We know, of course, that big business is really after the oil and mineral rights, and they're using the military system to clear the way.
This doesn't sound like an idea of a system I'd want anything to do with.
"Nowhere is the Afghan conundrum more clearly illustrated than in the case of Sayed Parwez Kambakhsh, the 23-year-old journalism student in northern Afghanistan who has been condemned to death for blasphemy.
“...Justice will be done,” President Hamed Karzai assured the Secretary of State when she brought up the matter at their meeting in Kabul on February 7.
...This was interpreted as a tacit promise to ensure Parwez’s freedom. But for those who have spent a significant amount of time in Afghanistan, the wording was ominous.
...Based on past performance, we have little guarantee that the Afghan concept of justice will be something we can easily recognize or live with.
...What is at stake here is more than the fate of one young man.
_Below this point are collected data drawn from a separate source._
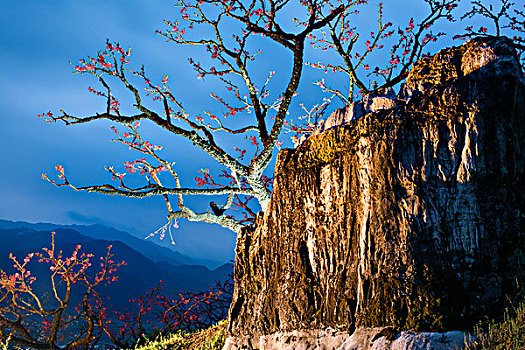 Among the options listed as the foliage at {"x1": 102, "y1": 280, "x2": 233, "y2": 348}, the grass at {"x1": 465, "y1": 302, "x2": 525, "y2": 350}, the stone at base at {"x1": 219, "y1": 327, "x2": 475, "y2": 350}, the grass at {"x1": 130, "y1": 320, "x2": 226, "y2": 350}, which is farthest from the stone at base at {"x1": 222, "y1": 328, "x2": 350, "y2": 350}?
the foliage at {"x1": 102, "y1": 280, "x2": 233, "y2": 348}

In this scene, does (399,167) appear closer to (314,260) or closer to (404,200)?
(404,200)

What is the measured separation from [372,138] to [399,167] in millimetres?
475

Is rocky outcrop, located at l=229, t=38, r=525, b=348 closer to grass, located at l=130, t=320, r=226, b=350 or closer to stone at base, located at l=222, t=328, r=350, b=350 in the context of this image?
stone at base, located at l=222, t=328, r=350, b=350

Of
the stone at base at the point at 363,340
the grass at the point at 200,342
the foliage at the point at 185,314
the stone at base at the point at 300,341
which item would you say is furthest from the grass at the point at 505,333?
the foliage at the point at 185,314

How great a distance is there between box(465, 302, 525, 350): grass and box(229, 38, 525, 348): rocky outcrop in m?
0.14

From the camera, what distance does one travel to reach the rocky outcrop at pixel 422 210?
122 inches

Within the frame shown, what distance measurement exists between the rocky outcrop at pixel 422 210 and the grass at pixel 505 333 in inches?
5.7

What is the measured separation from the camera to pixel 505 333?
102 inches

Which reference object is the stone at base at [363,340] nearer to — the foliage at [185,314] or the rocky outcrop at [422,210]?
the rocky outcrop at [422,210]

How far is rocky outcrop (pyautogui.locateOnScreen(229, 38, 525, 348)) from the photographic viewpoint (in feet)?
10.2

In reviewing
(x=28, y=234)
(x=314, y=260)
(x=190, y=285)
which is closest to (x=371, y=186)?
Answer: (x=314, y=260)

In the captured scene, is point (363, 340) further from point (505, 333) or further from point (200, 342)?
point (200, 342)

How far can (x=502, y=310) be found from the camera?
2955mm

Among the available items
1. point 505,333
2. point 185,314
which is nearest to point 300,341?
point 505,333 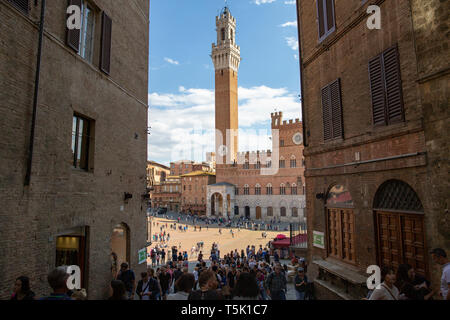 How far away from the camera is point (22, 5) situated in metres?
6.25

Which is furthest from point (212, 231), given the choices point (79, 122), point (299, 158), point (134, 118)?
point (79, 122)

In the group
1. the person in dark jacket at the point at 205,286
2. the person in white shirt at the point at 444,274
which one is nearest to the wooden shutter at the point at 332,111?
the person in white shirt at the point at 444,274

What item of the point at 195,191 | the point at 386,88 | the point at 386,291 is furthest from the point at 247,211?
the point at 386,291

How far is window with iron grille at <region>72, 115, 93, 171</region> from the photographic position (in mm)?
7954

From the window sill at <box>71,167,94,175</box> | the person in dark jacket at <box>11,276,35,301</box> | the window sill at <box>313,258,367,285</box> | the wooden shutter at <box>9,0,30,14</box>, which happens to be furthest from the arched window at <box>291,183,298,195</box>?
the person in dark jacket at <box>11,276,35,301</box>

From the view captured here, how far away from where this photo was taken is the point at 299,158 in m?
50.1

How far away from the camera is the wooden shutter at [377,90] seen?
23.4 feet

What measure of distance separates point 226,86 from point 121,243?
5435 centimetres

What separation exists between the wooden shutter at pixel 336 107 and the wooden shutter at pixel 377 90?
1416mm

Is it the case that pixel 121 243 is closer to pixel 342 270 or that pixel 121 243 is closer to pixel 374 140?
pixel 342 270

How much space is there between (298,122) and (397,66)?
45.4 metres

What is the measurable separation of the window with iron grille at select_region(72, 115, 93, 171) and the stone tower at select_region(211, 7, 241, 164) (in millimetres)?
49074

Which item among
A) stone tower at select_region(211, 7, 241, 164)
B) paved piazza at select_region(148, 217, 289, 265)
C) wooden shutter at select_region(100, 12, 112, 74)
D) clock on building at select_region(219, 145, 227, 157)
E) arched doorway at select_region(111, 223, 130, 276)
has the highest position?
stone tower at select_region(211, 7, 241, 164)

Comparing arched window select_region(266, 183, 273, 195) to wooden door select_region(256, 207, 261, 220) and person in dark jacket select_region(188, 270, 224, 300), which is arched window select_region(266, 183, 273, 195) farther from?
person in dark jacket select_region(188, 270, 224, 300) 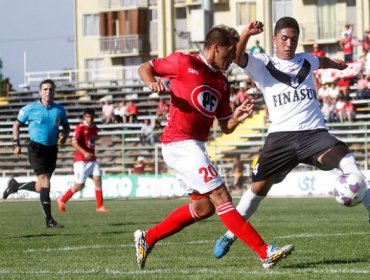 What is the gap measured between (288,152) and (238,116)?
0.99m

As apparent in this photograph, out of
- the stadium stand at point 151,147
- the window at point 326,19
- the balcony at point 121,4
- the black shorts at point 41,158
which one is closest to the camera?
the black shorts at point 41,158

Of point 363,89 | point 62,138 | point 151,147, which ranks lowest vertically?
point 151,147

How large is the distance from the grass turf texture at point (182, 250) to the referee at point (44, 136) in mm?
637

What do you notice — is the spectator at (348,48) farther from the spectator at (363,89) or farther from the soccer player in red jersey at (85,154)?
the soccer player in red jersey at (85,154)

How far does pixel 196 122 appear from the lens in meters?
10.2

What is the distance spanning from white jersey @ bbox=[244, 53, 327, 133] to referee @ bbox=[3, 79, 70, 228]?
6497 millimetres

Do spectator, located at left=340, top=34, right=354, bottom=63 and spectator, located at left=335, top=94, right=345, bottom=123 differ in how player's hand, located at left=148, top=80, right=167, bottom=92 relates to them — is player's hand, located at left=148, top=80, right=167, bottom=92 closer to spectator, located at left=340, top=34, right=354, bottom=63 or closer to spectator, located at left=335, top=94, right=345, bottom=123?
spectator, located at left=335, top=94, right=345, bottom=123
The world should not ignore the fact that Parwez’s arrest and imprisonment were not an aberration.
...The case, instead, is a symbol of the central contradiction at the heart of the Afghan judicial system, and a worrying sign of the direction in which the country is heading.
...Six years later, it is obvious that we have made a serious miscalculation. The constitution that was to be a milestone on the straight road to democracy contains within it a time bomb that could make cases like that of Parwez Kambakhsh increasingly common.
...Article Three of the Afghan Constitution reads “In Afghanistan, no law can be contrary to the beliefs and provisions of the sacred religion of Islam.”
...This one sentence negates all of the ensuing high-sounding rhetoric that guarantees freedom of religion, expression and the media. If the Ulema, or Council of Religious Scholars, is allowed to interpret Islam as it wishes, then almost any act, utterance or publication can be deemed a criminal offence.